- **WHAT IS REQUIRED**
Write out, word for word, each line from the start of the entries through the one holding "私の餃子の焼き方！作り方7写真"; omit the pictures.
┌──
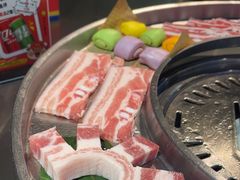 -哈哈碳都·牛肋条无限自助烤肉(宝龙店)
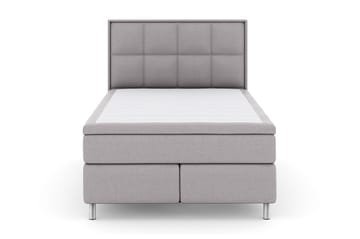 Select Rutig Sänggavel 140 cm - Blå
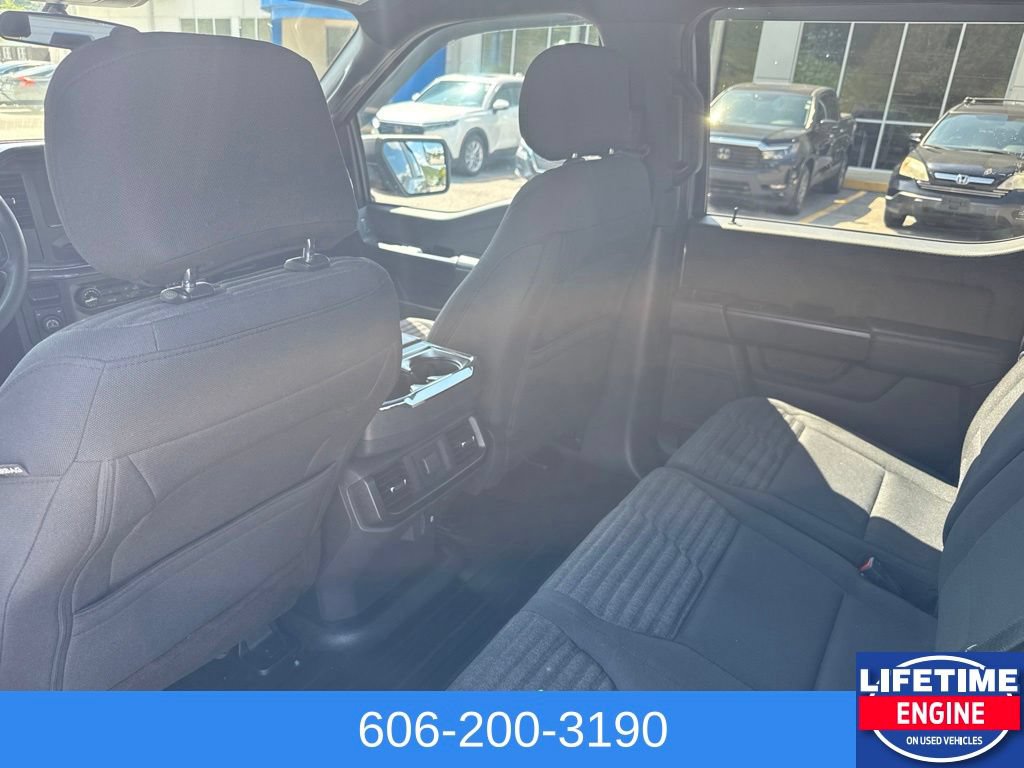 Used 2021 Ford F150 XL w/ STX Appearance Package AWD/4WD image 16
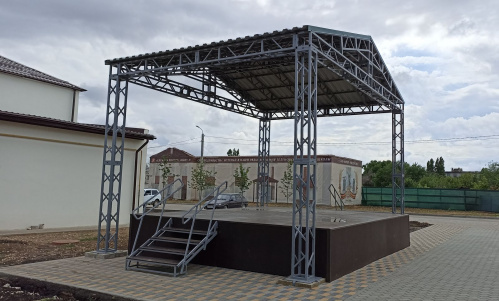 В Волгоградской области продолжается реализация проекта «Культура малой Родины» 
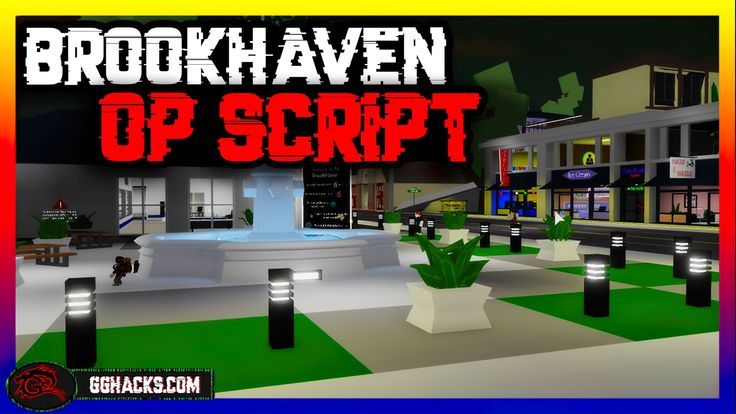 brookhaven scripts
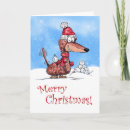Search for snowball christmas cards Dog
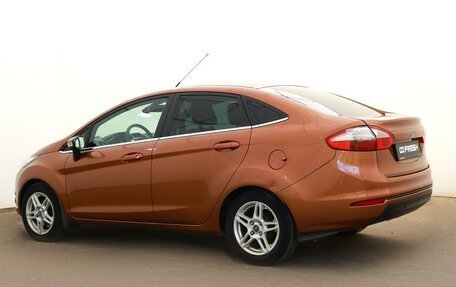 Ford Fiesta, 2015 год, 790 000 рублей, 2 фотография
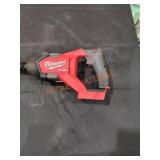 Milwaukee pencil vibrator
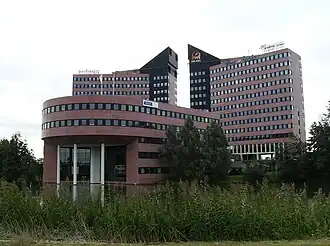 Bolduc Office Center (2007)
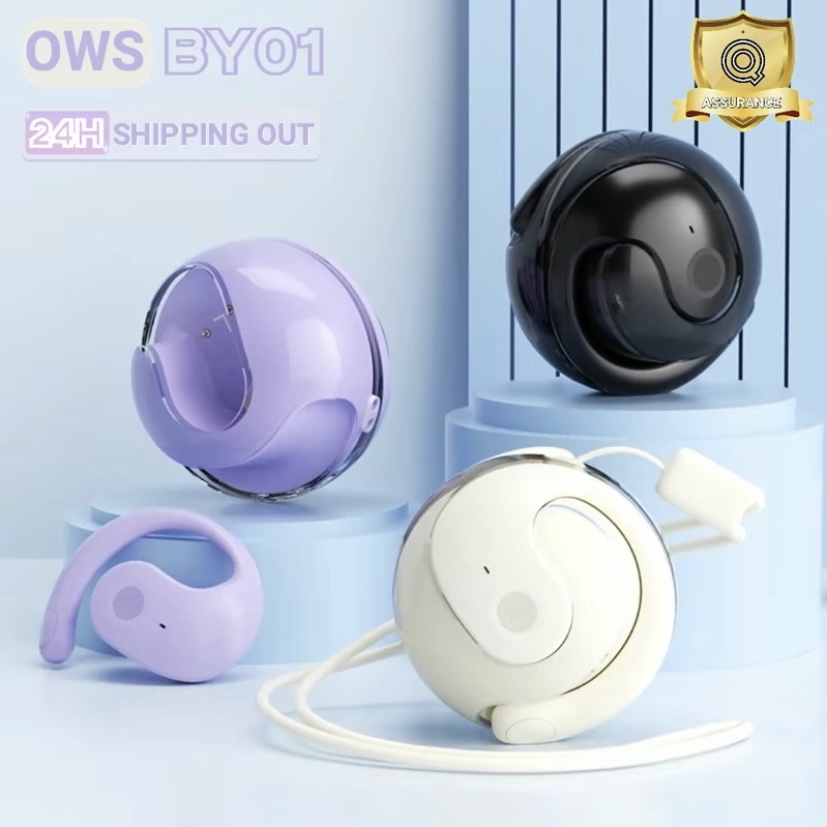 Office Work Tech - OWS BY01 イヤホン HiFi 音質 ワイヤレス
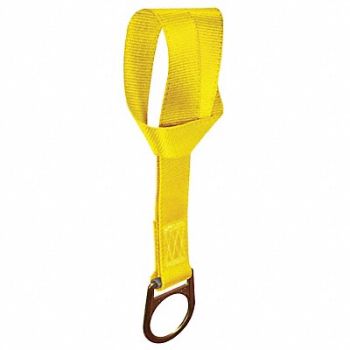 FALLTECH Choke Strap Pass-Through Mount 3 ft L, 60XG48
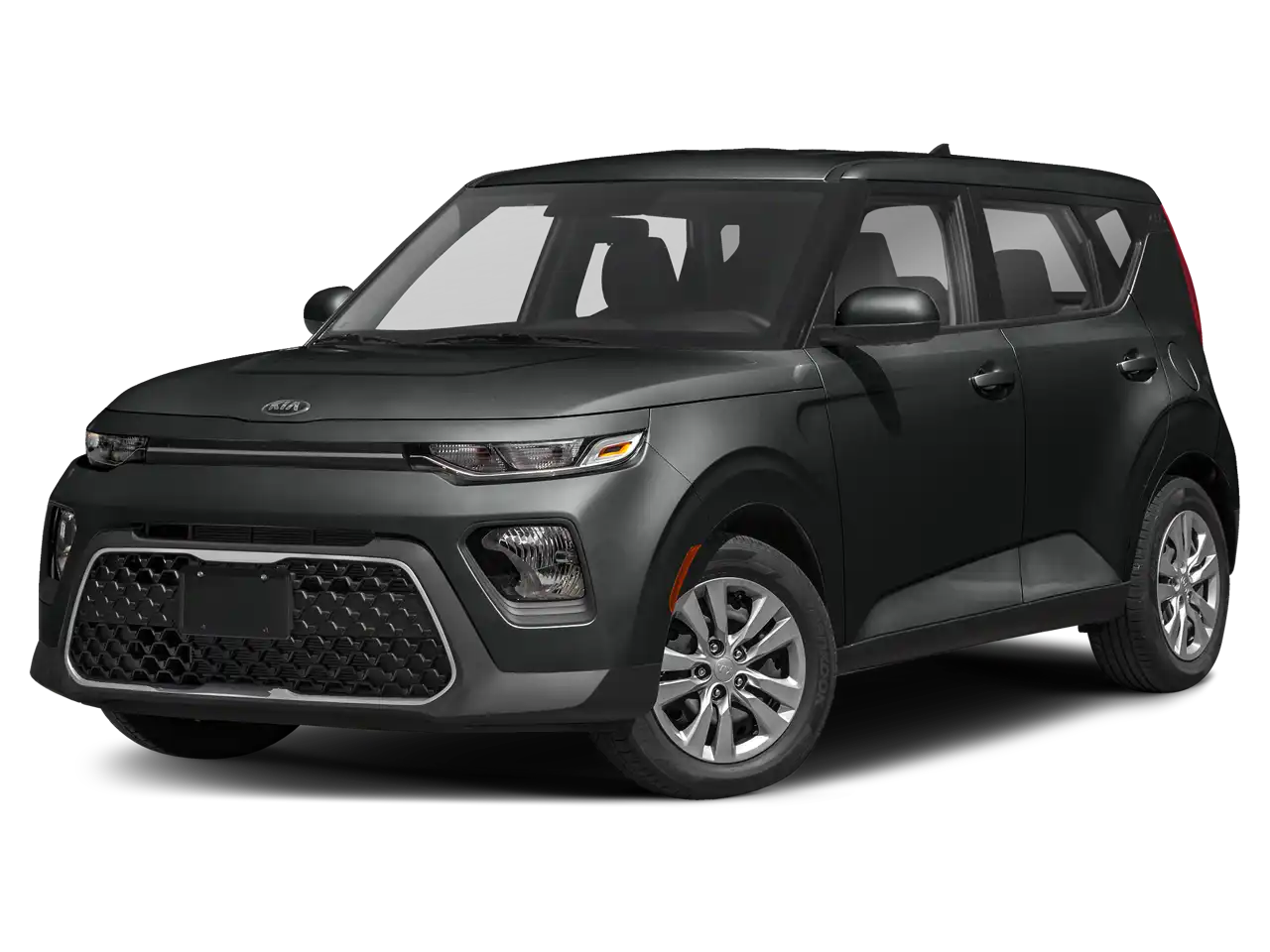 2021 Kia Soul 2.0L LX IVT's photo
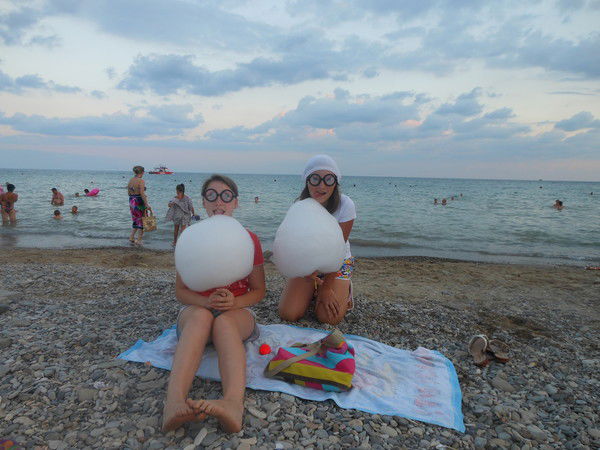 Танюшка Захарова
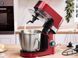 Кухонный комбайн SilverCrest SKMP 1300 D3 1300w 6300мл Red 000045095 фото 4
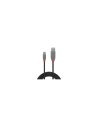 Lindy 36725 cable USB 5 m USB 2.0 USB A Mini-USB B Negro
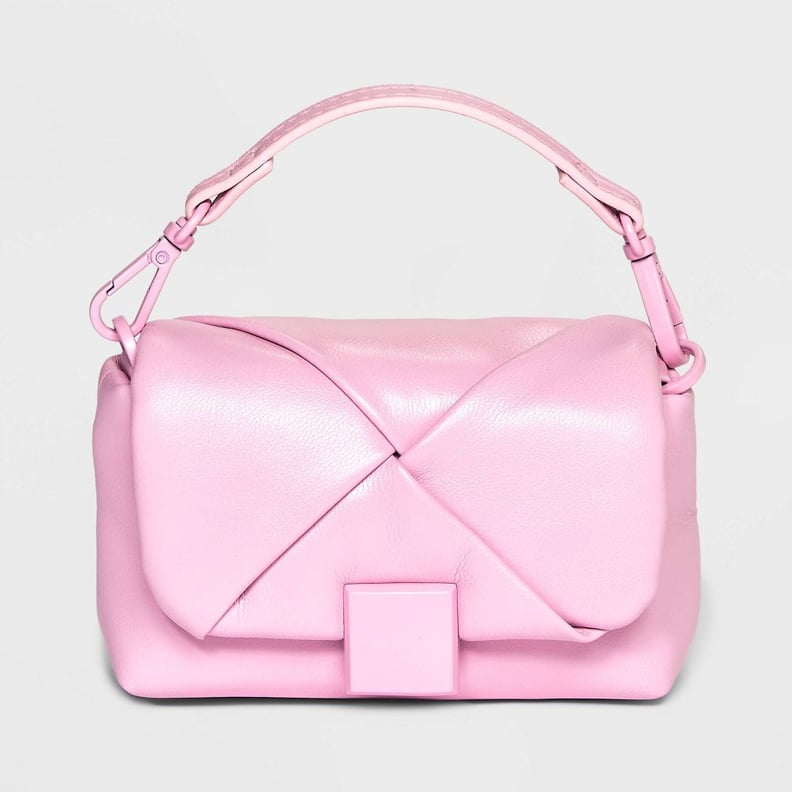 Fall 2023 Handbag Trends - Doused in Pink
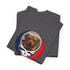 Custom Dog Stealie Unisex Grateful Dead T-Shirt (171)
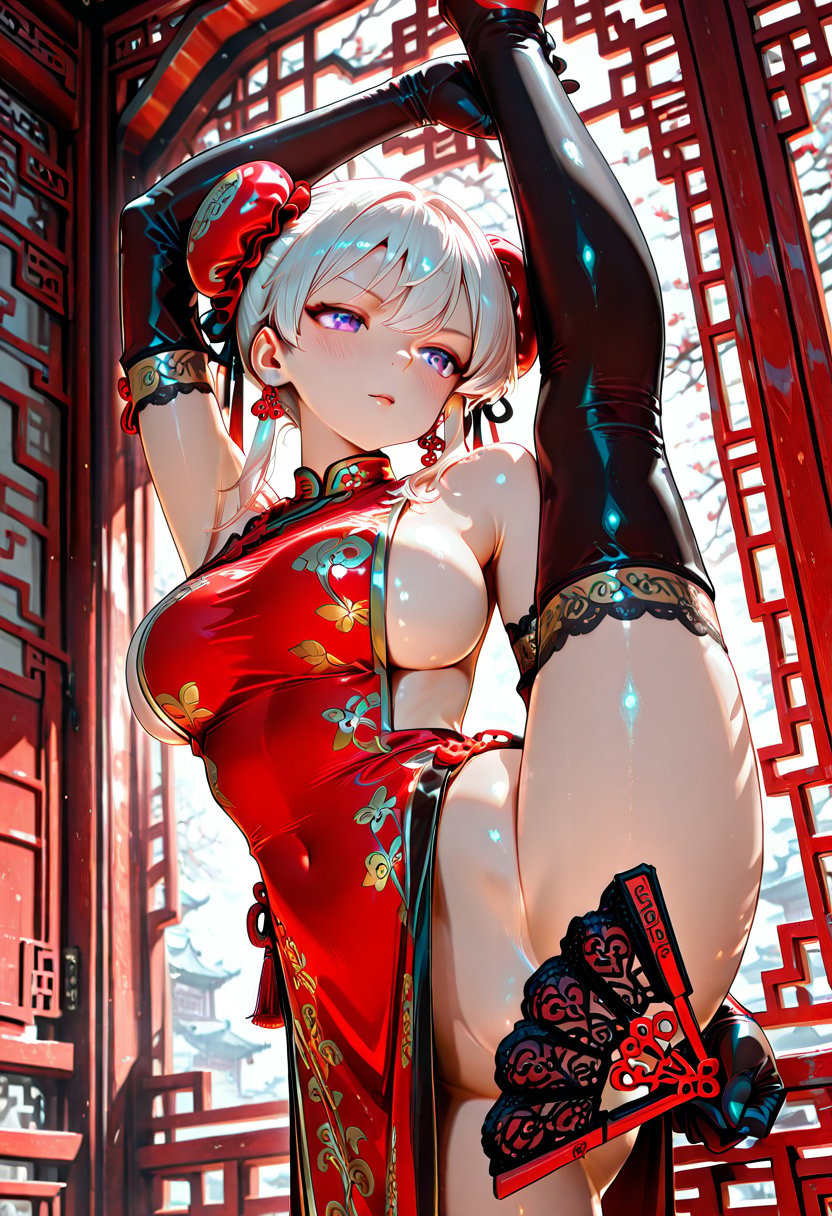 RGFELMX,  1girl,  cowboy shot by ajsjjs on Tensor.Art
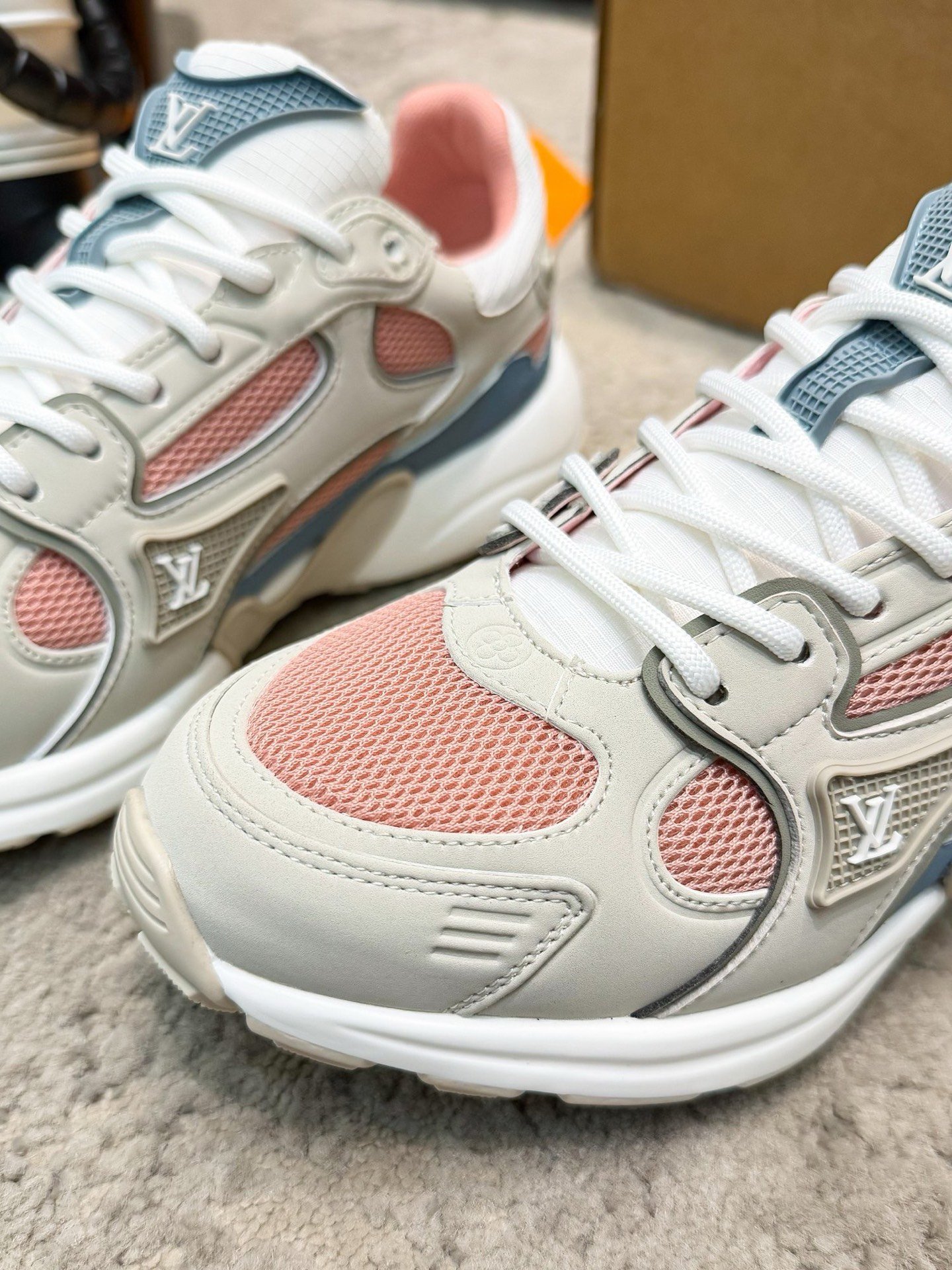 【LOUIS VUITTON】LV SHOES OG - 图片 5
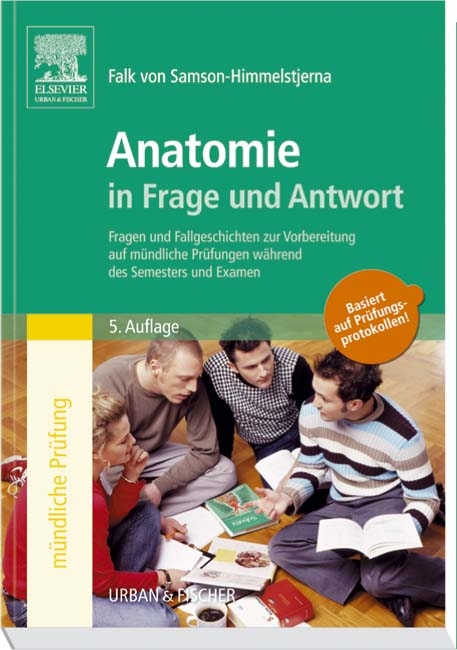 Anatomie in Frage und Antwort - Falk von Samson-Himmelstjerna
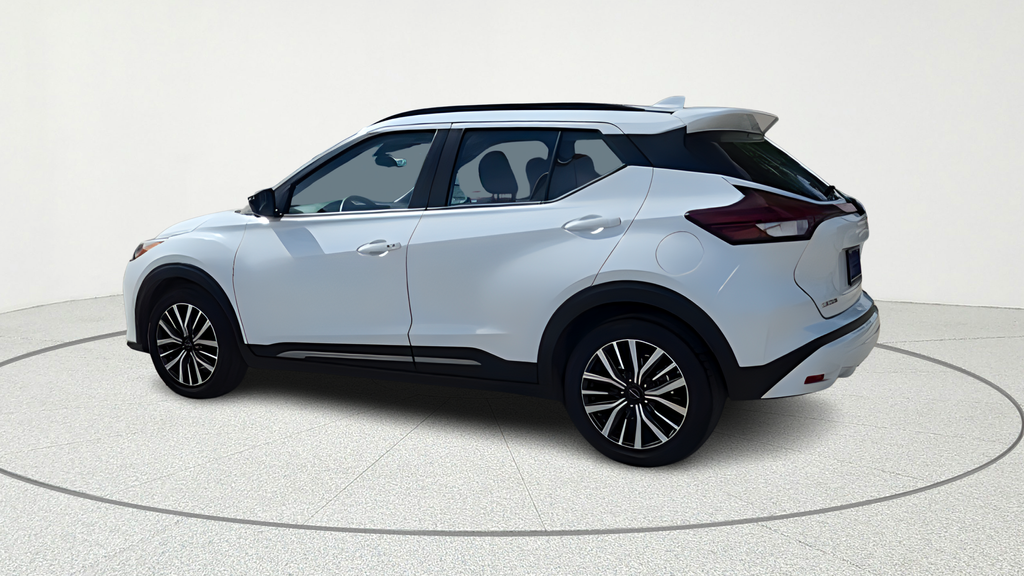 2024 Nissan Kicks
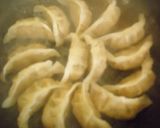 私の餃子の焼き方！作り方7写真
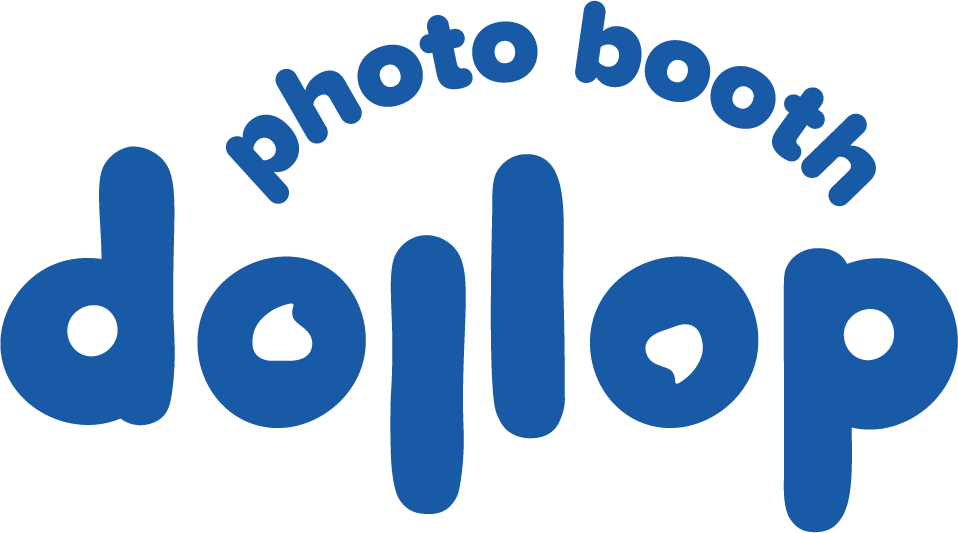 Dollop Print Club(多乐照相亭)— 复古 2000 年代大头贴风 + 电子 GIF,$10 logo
└──
- **OUTPUT BELOW**
 -哈哈碳都·牛肋条无限自助烤肉(宝龙店)
 Select Rutig Sänggavel 140 cm - Blå
 Used 2021 Ford F150 XL w/ STX Appearance Package AWD/4WD image 16
 В Волгоградской области продолжается реализация проекта «Культура малой Родины» 
 brookhaven scripts
Search for snowball christmas cards Dog
 Ford Fiesta, 2015 год, 790 000 рублей, 2 фотография
 Milwaukee pencil vibrator
 Bolduc Office Center (2007)
 Office Work Tech - OWS BY01 イヤホン HiFi 音質 ワイヤレス
 FALLTECH Choke Strap Pass-Through Mount 3 ft L, 60XG48
 2021 Kia Soul 2.0L LX IVT's photo
 Танюшка Захарова
 Кухонный комбайн SilverCrest SKMP 1300 D3 1300w 6300мл Red 000045095 фото 4
 Lindy 36725 cable USB 5 m USB 2.0 USB A Mini-USB B Negro
 Fall 2023 Handbag Trends - Doused in Pink
 Custom Dog Stealie Unisex Grateful Dead T-Shirt (171)
 RGFELMX,  1girl,  cowboy shot by ajsjjs on Tensor.Art
 【LOUIS VUITTON】LV SHOES OG - 图片 5
 Anatomie in Frage und Antwort - Falk von Samson-Himmelstjerna
 2024 Nissan Kicks
 私の餃子の焼き方！作り方7写真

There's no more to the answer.